SGD with smaller learning rate 0.005

But doesn't change much. I thought maybe its due to initial overfitting and that I am “lucky” to have the validation loss eventually find its way lower, so I tried adding dropouts to my model

Dropout doesn't really help either

I'm still getting the same issue. I also tried changing the momentum from 0.5 to 0.9

higher momentum at 0.9

What is causing the shape of my loss curve to be like that and how do I tweak it so validation loss drops quicker in sync? I don’t understand why there is a large gap between the two which only closes in after a few epochs.

I'm reluctant to increase my data-set since I've seen other similar projects being done with similar size data. Input image pixels have already been standardized to between 0-1

Edit: I'm posting my architecture below just for more info if it helps, hope someone takes a look cause to me its a real head-scratcher.

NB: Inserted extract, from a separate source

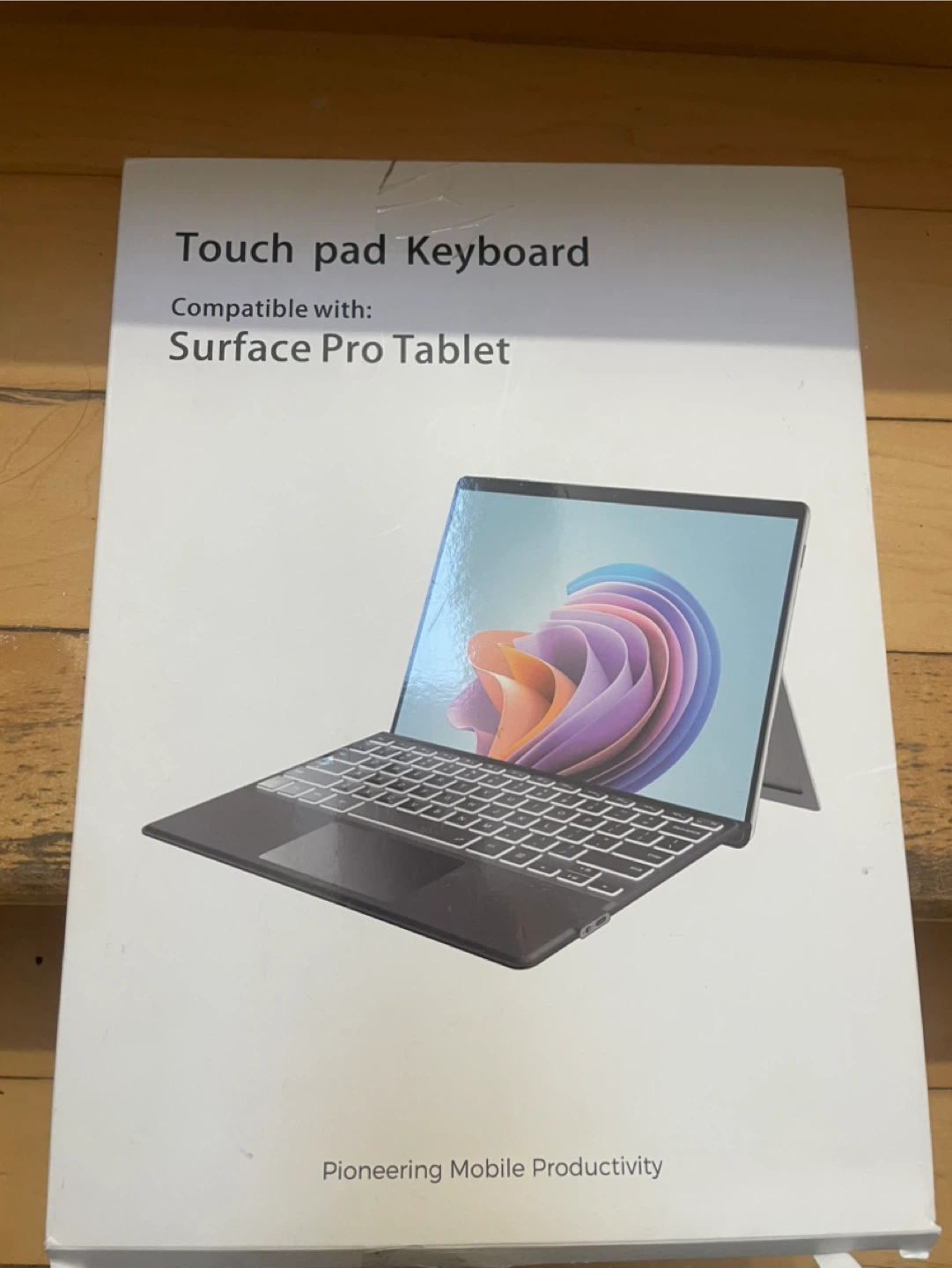 Touch pad keyboard for Surface Pro NEW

Using Python, keras

feeder_input = Input(shape=(50, 55, 3))

layer_1_CovNet = Convolution2D(64, (3, 3), activation="relu", padding="same")(feeder_input)
layer_1_CovNet = BatchNormalization()(layer_1_CovNet)
layer_2_CovNet = Convolution2D(64, (3, 3), activation="relu", padding="same")(layer_1_CovNet)
layer_2_CovNet = BatchNormalization()(layer_2_CovNet)
layer_3_CovNetPl = MaxPooling2D()(layer_2_CovNet)

layer_4_CovNet = Convolution2D(128, (3, 3), activation="relu", padding="same")(layer_3_CovNetPl)
layer_4_CovNet = BatchNormalization()(layer_4_CovNet)
layer_5_CovNet = Convolution2D(128, (3, 3), activation="relu", padding="same")(layer_4_CovNet)
layer_5_CovNet = BatchNormalization()(layer_5_CovNet)
layer_6_CovNetPl = MaxPooling2D()(layer_5_CovNet)

layer_7_CovNet = Convolution2D(256, (3, 3), activation="relu", padding="same")(layer_6_CovNetPl)
layer_7_CovNet = BatchNormalization()(layer_7_CovNet)
layer_8_CovNet = Convolution2D(256, (3, 3), activation="relu", padding="same")(layer_7_CovNet)
layer_8_CovNet = BatchNormalization()(layer_8_CovNet)
layer_9_CovNetPl = MaxPooling2D()(layer_8_CovNet)

layer_10_CovNet = Convolution2D(512, (3, 3), activation="relu", padding="same")(layer_9_CovNetPl)
layer_10_CovNet = BatchNormalization()(layer_10_CovNet)
layer_11_CovNet = Convolution2D(512, (3, 3), activation="relu", padding="same")(layer_10_CovNet)
layer_11_CovNet = BatchNormalization()(layer_11_CovNet)
layer_12_CovNetPl = MaxPooling2D()(layer_11_CovNet)

ConvNetFlatten = Flatten()(layer_12_CovNetPl)

encoder_dense1 = Dense(512, activation='relu', name='encoder_dense1')
encoder_dense1_output = encoder_dense1(ConvNetFlatten)

totext_dense1 = Dense(len(char_dict), activation='softmax', name='totext_dense1')
totext_output1 = totext_dense1(encoder_dense1_output)

model_train = Model(feeder_input, totext_output1) 

Best Answer

Validation loss is indeed expected to decrease as the model learns and increase later as the model begins to overfit on the training set. One reason why your training and validation set behaves so different could be that they are indeed partitioned differently and the base distributions of the two are different. Did you shuffle before partitioning? If the validation set has too few samples, naturally, its behaviour may be erratic.